La conversion n'est presque qu'une formalité. "Je savais que j'allais y venir, mais je ne savais pas que ce serait cette nuit-là, raconte Holdbrooks. Avec 590, nous avons longuement parlé. Il était très chaleureux. Au milieu de la nuit, je lui ai demandé de m'écrire sur un papier la chahada, en anglais et en arabe phonétique." Le soldat devient musulman. Le lendemain, il se lève à 5 heures pour prier, en cachette.

Les premiers mois, Holdbrooks tente de respecter les piliers de sa religion. Ce n'est pas simple. Impossible de prier lorsqu'il est en service. Deux soldats qui partagent sa chambrée sont dans la confidence, et n'y voient aucun problème. Mais d'autres, même dans l'ignorance de sa conversion, s'inquiètent du fait qu'il soit amical avec les détenus, qu'il apprenne l'arabe. Une nuit, son chef et quelques hommes le traînent dehors et le malmènent, l'accusant d'être "un terroriste", de "trahir les Etats-Unis". L'armée envoie Holdbrooks à Fort Leonard Wood, dans le Missouri, puis le renvoie sans explication à la vie civile, deux ans avant la fin de son contrat.

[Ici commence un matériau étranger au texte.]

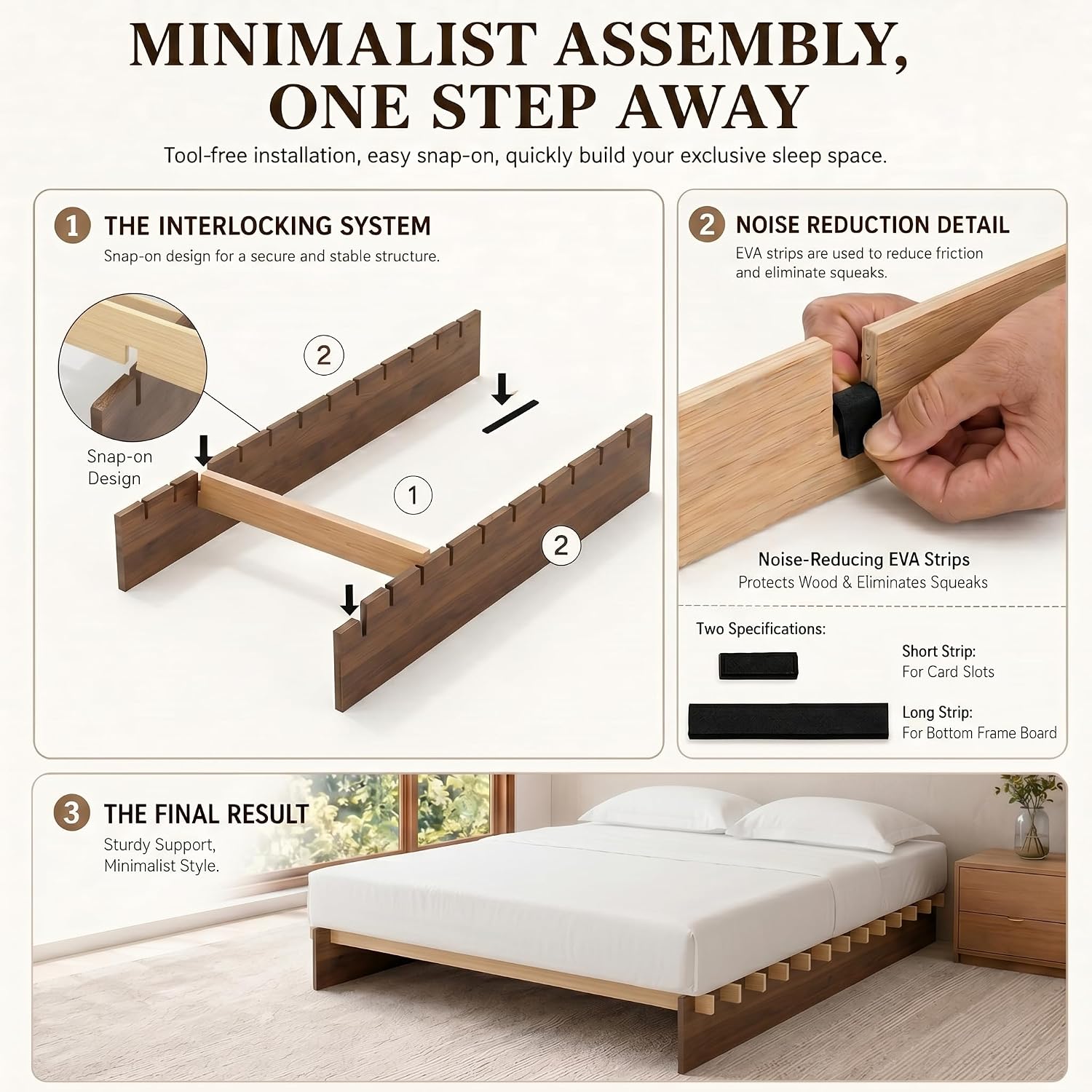 Brafab Tooless Queen Bed Frame, Wooden Japanese Joinery Platform Bed Frame | Wood Slat Support, Assembly in 10 Min, 8" Underbed Storage, No Box Spring Needed, Noise Free, Kid-Friendly Design, Natural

Le plus étonnant, c'est que Terry Holdbrooks a rencontré Dieu deux fois. Car, de retour à Phoenix, il renoue avec sa vie d'adolescent : le désoeuvrement, les bars, l'alcool et la drogue, toujours plus de drogue. "Je suis redevenu alcoolique et j'ai plongé la tête dans la coke", raconte-t-il. Il divorce d'une femme épousée lorsqu'il s'est engagé dans l'armée. Un soir, défoncé, il a un accident et s'ouvre le crâne. Il échoue à l'hôpital. Pour le gamin paumé de Phoenix qui avait espéré trouver dans la vie militaire une carrière et une rédemption, la chute est vertigineuse. Durant quatre ans, la dérive s'accentue.